When you reach the line containing "Mango Scheiben Bio", begin reproducing the material exactly, stop after the line containing "kitchen / The Vawdrey House", and leave out any pictures along the way.

> Data to process:
= Beginning of Section =

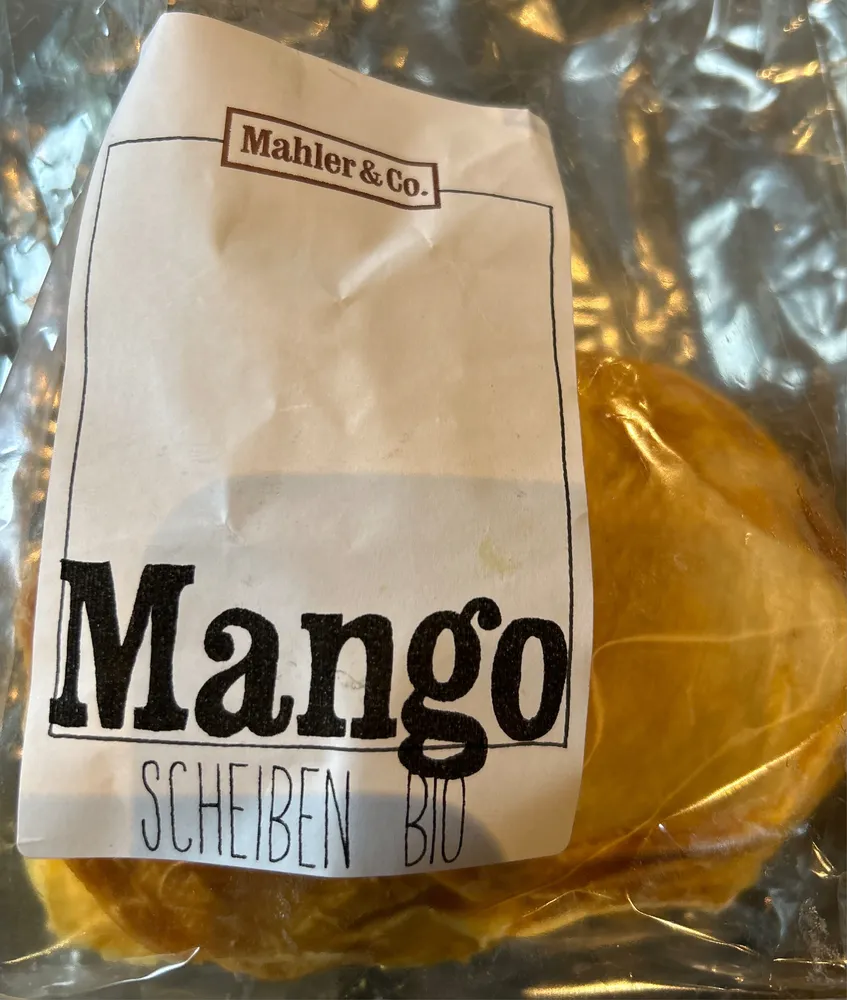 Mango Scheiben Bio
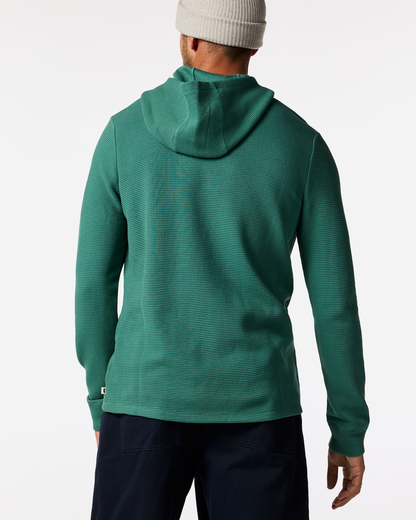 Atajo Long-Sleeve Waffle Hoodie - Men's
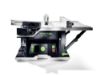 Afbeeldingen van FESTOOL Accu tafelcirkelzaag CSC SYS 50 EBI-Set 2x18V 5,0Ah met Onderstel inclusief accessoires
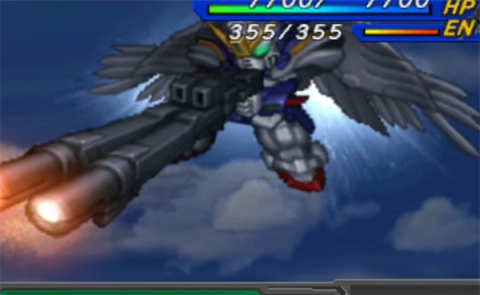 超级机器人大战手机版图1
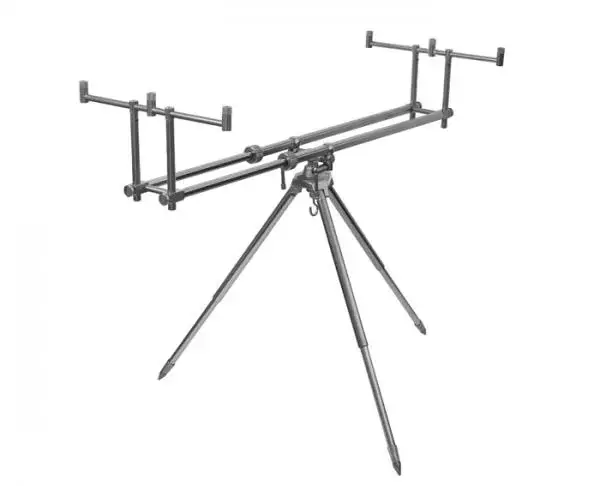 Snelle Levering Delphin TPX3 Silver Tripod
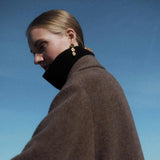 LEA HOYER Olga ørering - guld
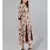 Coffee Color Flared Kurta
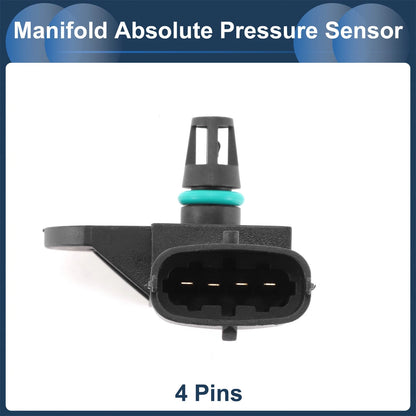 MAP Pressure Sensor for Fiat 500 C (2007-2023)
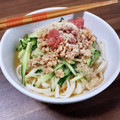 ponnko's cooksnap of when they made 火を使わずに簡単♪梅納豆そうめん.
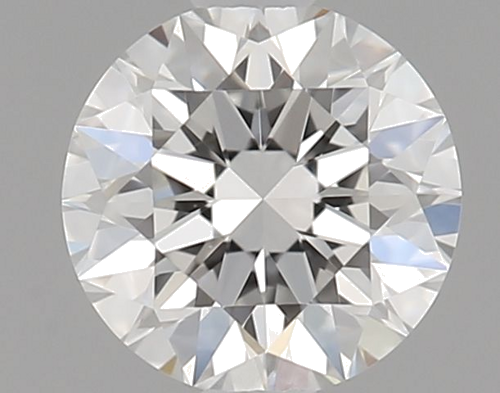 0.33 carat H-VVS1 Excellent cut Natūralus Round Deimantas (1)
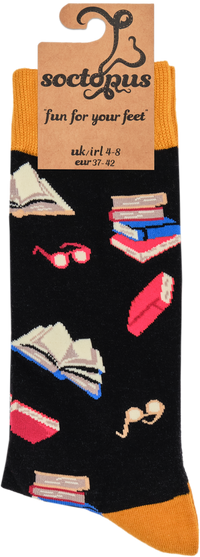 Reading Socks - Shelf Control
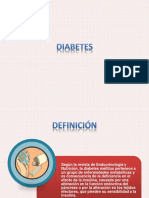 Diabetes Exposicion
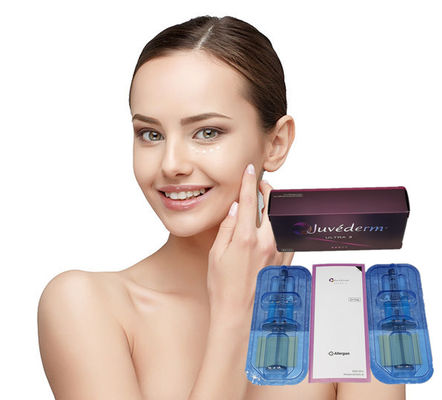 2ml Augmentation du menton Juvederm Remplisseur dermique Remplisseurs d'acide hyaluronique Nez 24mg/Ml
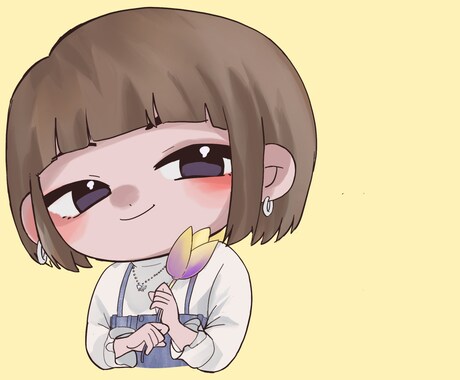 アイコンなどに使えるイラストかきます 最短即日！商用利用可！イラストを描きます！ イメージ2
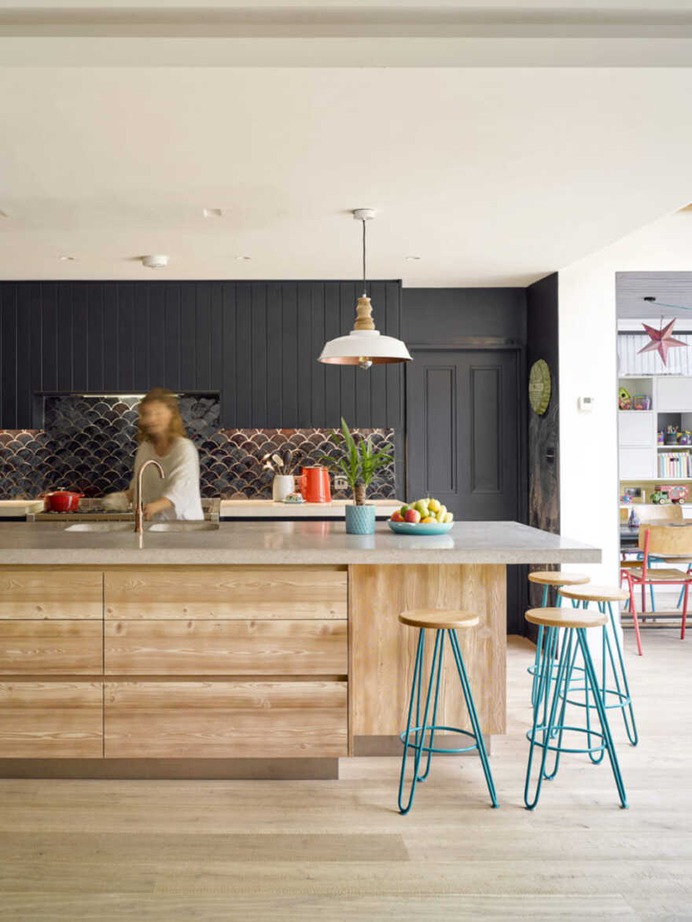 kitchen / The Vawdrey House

= End of Section =
= Beginning of Section =

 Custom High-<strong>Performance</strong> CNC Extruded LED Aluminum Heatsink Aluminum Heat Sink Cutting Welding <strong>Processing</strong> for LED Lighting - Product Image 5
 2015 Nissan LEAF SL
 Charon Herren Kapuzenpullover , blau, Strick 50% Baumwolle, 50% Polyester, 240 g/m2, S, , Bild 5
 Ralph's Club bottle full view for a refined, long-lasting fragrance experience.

= End of Section =

> Task output:
 Mango Scheiben Bio
 Atajo Long-Sleeve Waffle Hoodie - Men's
 Afbeeldingen van FESTOOL Accu tafelcirkelzaag CSC SYS 50 EBI-Set 2x18V 5,0Ah met Onderstel inclusief accessoires
 超级机器人大战手机版图1
 Snelle Levering Delphin TPX3 Silver Tripod
 LEA HOYER Olga ørering - guld
 Coffee Color Flared Kurta
 MAP Pressure Sensor for Fiat 500 C (2007-2023)
 ponnko's cooksnap of when they made 火を使わずに簡単♪梅納豆そうめん.
 0.33 carat H-VVS1 Excellent cut Natūralus Round Deimantas (1)
 Reading Socks - Shelf Control
 Diabetes Exposicion
 2ml Augmentation du menton Juvederm Remplisseur dermique Remplisseurs d'acide hyaluronique Nez 24mg/Ml
 アイコンなどに使えるイラストかきます 最短即日！商用利用可！イラストを描きます！ イメージ2
 kitchen / The Vawdrey House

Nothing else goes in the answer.